We stress that it’s important to make sure the foundations are set because teaching only behaviors, as so many finishing or charm schools frequently do, puts children at a disadvantage when they come across a new or different situation that they have not specifically been trained in.

As an example, if you’ve learned all the “rules” for how to eat at a formal table, which utensils are for what, and here’s when you use them, what do you do if your hostess obviously uses the wrong fork or spoon? Is it better to stick with the “rules” you’ve taught, even if it may result in embarrassment for your hostess and maybe even her guests, or do you “go with the flow” and use the wrong utensil, too? If you use the Golden Rule, you’ll probably decide to grab the wrong utensil, avoiding embarrassment, because that is the more courteous and gracious way, and you wouldn’t want anyone to embarrass you in a similar case.

After the foundations are set, then we’d suggest starting with the skills that are most likely going to be used: meeting and greeting, introductions, basic table manners and dining skills, starting and continuing a conversation with someone you don’t know, some of the common courtesies like giving your bus seat to someone elderly or compromised in some way. As those skills grow – and with it the child’s social confidence – you can add more advanced skills, making sure you continue to practice and reinforce the previous lessons.

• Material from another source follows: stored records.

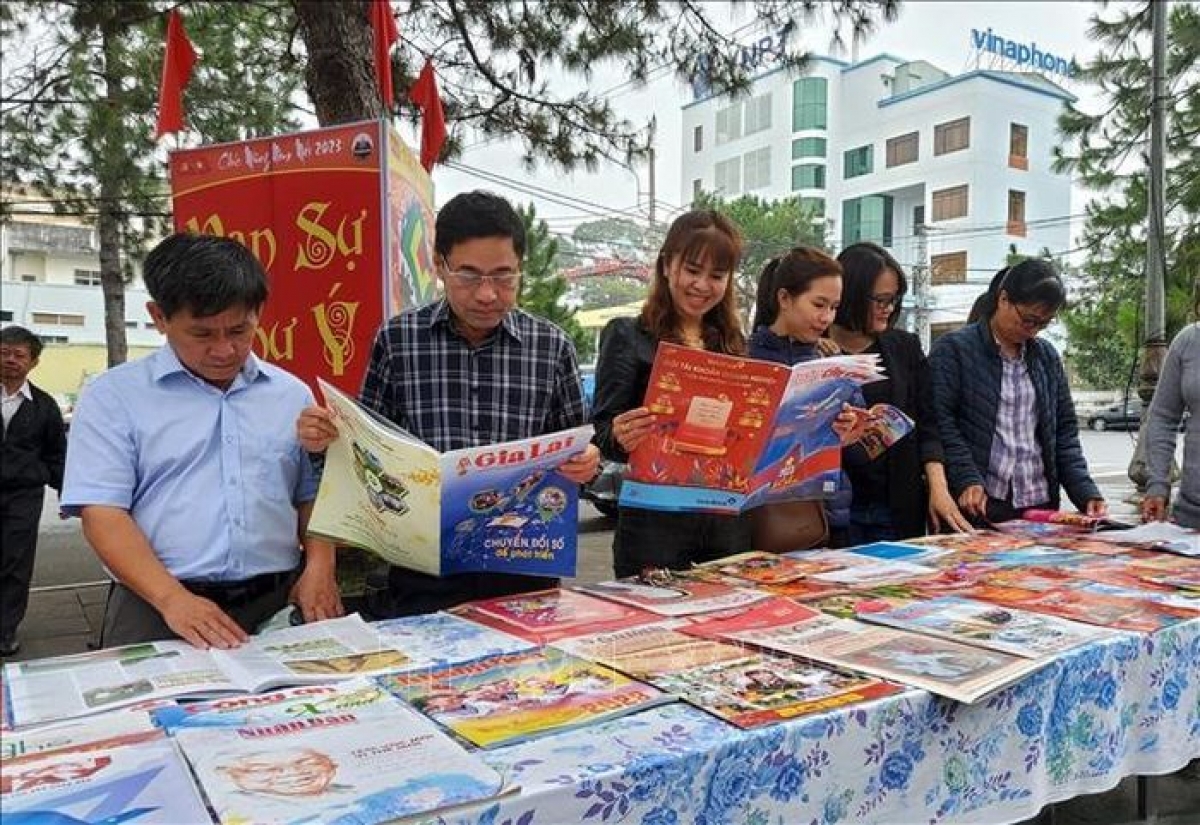 
Mơngế pơchuât ngăn hlá tơbeăng ƀă Khu chêh hlá tơbeăng rơnó Hơngui Gia Lai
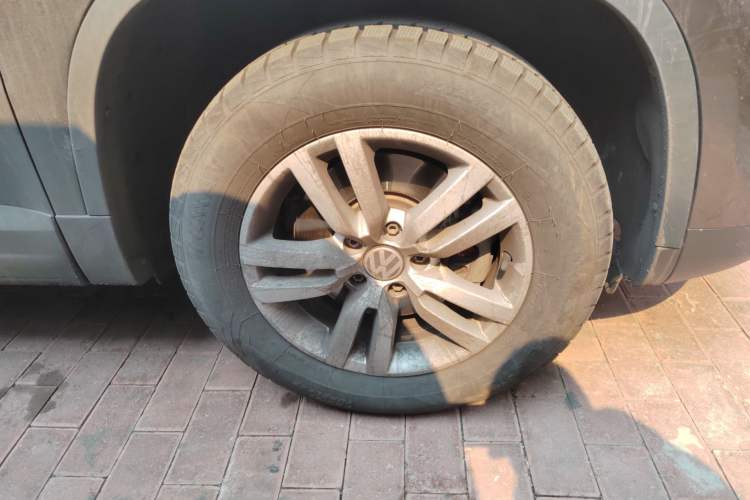 Used Volkswagen Tiguan 2015 1.8TSI Automatic Two-Wheel Drive Trend Edition Right Front Wheel Hub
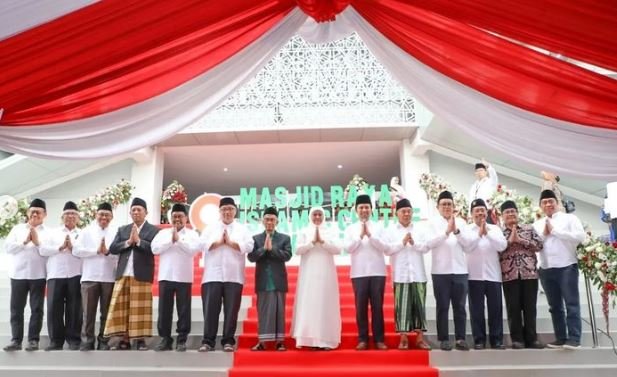 masjid raya islamic center jatim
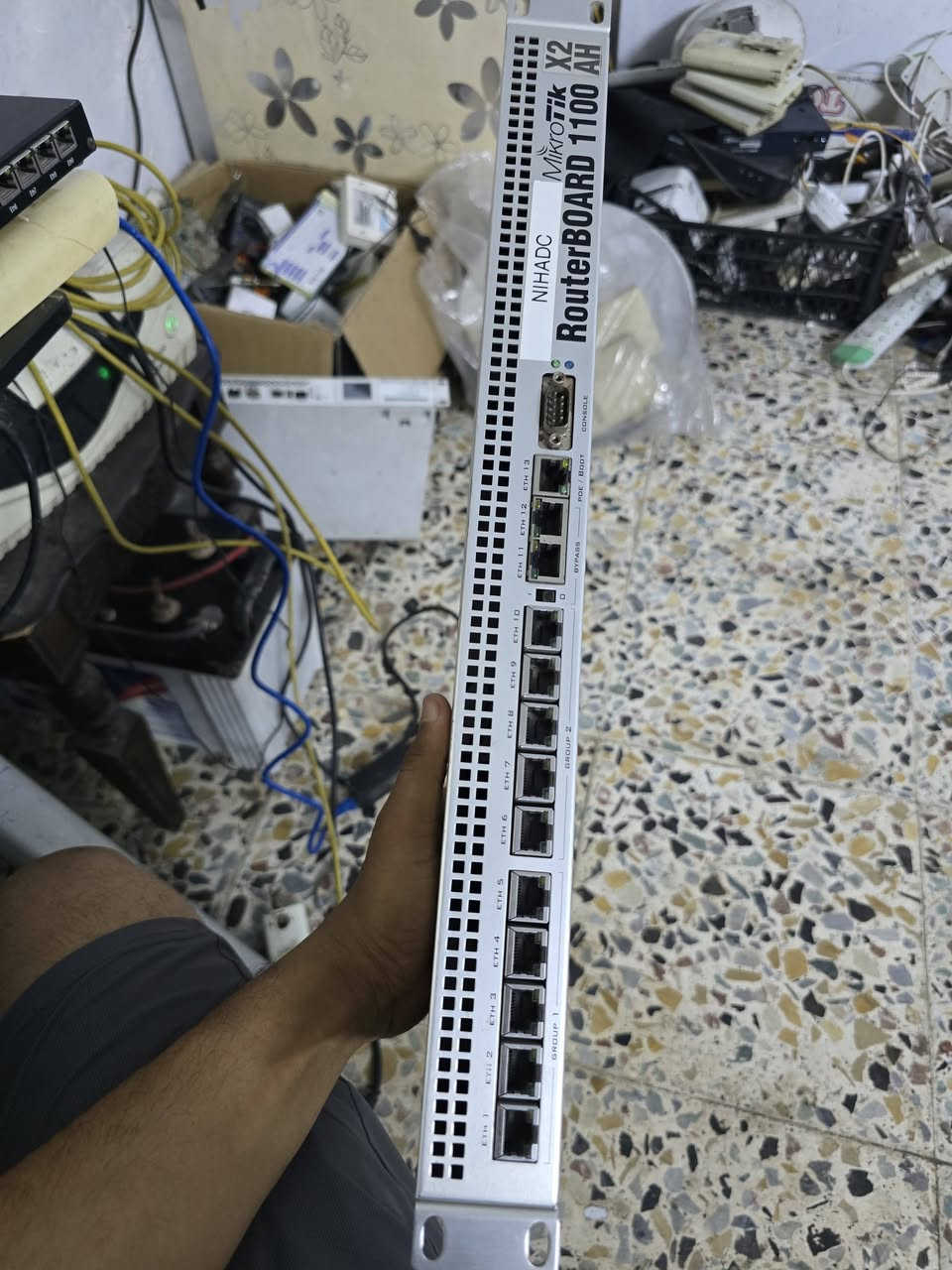 وجبة غراض انترنت مستخدمة للبيع
لنكات مايكرو ويف 1 كيكا 
دشات 30 ubnt ب 75 الف
سكترات 120 ubnt ب 50 الف
سكترات 90 ubnt ب 50 الف
912 ب 40 الف
لنك 5XHD
لنك اكسترون 1 كيكا
صحن بوربيم فارغ فقط صحن ب 5 الاف
سكترات تيتانيوم 2.4 القطعة ب 25 الف
روكت xw 2.4 ب 60 الف
912 تردد 2.4 ب 45 الف
عاكسة مكزما 1500 ب 125 الف
كيو ارتي 5 ب 75
عاكسة مكزما 48فولت 4000VA ب 250 الف
هبات تندا جديد 8 بورت ب 5 الاف
هبات سيسكو حديد ب 15 الف
1072 مايكروتك
يوبي اس مكزما 6kva
بطاريات نيوماكس نص عمر ب 150 الف 
بور سبلاي 24 فولت ب 15 ألف
بورسبلاي 36 فولت ب 25 ألف
2011 مايكروتك
1100 مايكروتك
951 مايكروتك
750 مايكروتك
سيسكو بورتين كيكا ب 35 ألف
1009 بلص. ب 500 ألف
حديد 35
حديد 45
يونيفاي مش برو ب 75
سويجات unv ينطي بور 48V ب 50 الف
يوبي اس فاربر 1500 نقص بطاريات ب 50 الف

يوجد توصيل كافة المحافظات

Remember that the “finer” rules of etiquette – ultra-formal dining or how to book your “place” with a partner at a ballroom dance – are not going to be used by everyone. Not all of us will have a coming out party at the end of cotillion, for example. But, everyone can benefit strongly from mastery of basic social skills, and we all have room for improvement. I’ve never heard anyone complain that someone’s social skills or manners were “too good.”